Because local man St Declan was on the job, converting the Irish to Christianity, before St Patrick plucked his first shamrock from the ground.

Mind you, there is no reference to St Declan in the life of St Patrick, though the stories would suggest they were, at least for a time, contemporaries in the conversion business. But Patrick was hardly likely to give credence to any claim that he wasn’t the first Christian preacher in Ireland, was he?

Some believe that accepting others brought Christianity to Ireland before Patrick would damage his legacy. And Patrick himself may have shared that view.

But there is a fair amount of evidence to back up Declan’s claim to have predated Patrick in bringing Christianity to Ireland and that Patrick was well aware of the goings on in Munster and left it to the locals to do the converting there.

A 14th-century manuscript suggests that Munster was entrusted to St Ailbe by St Patrick.

St Declan was, at the very least, a close associate of Ailbe, who was Tipperary-born.

Both travelled to Rome where they were ordained as bishops.

And Declan, already a prince of the Déise tribe, is said to have got to work converting the people on his return.

It is believed that he set up his church where the 12th-century “cathedral” and round tower now stand.

His supposed burial site, the oratory, is nearby, as is the holy well.

While Dublin, and the rest of the world, celebrates St Patrick on March 17th, in Ardmore, Co Waterford, July 24th is the most important day of the year. It’s the Pattern Day, the word “pattern” coming from patron.

Three hundred years ago, Pattern Day in Ardmore was marked by excessive drinking and unruly behaviour, a tradition, some say, that is carried on in Dublin on St Patrick’s Day.

These days, July 24th is marked by cultural events and of course pilgrims visiting the various sites associated with St Declan. These include his stone. And a great story comes with it. It seems that when the saint was returning from Wales, he realised that he had left his bell behind on a rock on the shore.

He prayed for its safe return and then noticed the stone, or rock, floating beside his boat, with the bell on top.

He allowed the rock to lead the way promising to build his church where it landed. And it landed, of course, on the shore in Ardmore, where it remains to this day.

In 1839, Philip Dixon Hardy, writing about the holy wells of Ireland, observed more than 1,000 pilgrims at St Declan’s stone: “The devotional exercises were commenced at an early hour in the day, by passing under the holy rock of St Declan in a state of half-nudity. Stretched at full length on the ground on the face and stomach, each devotee moved forward, as if in the act of swimming, and thus squeezed or dragged their bodies through.”

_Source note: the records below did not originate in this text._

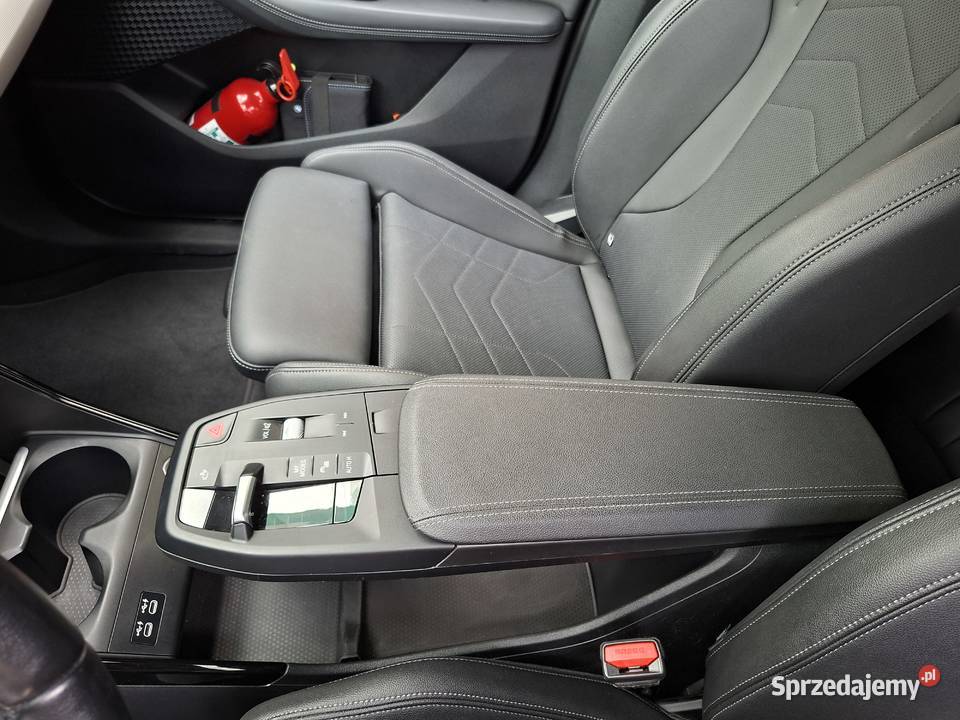 BMW 225xe Active Tourer PlugIn Hybrid 4x4 skóra napęd 4x4 małopolskie Kraków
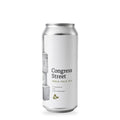 Cerveza Trillium - Congress Street - IPA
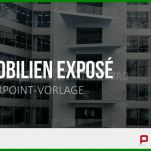 Größte Immobilien Expose Vorlage 727x409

St Patrick is our national saint and, I suppose, always will be, despite Declan’s claim and that fact that the weather on his feast day in July would likely be far better than in March, as indeed it might be for Saint Ailbe’s Day on September 12th.

Ailbe also has a solid claim to be our national saint. But it might be a bridge too far.

There’s a village in Wales named after Ailbe, only it uses the English version of his name. It’s called St Elvis. And tourists flock to St Elvis Farm to see the 5,000-year-old cromlech and the ruins of an old church there. Really.

I am named after our national saint.

But had Declan or Ailbe been recognised as maybe one of them should have been, this diary could have been written by Declan Murray.

Or even Elvis Murray.

That has a ring to it though, doesn’t it?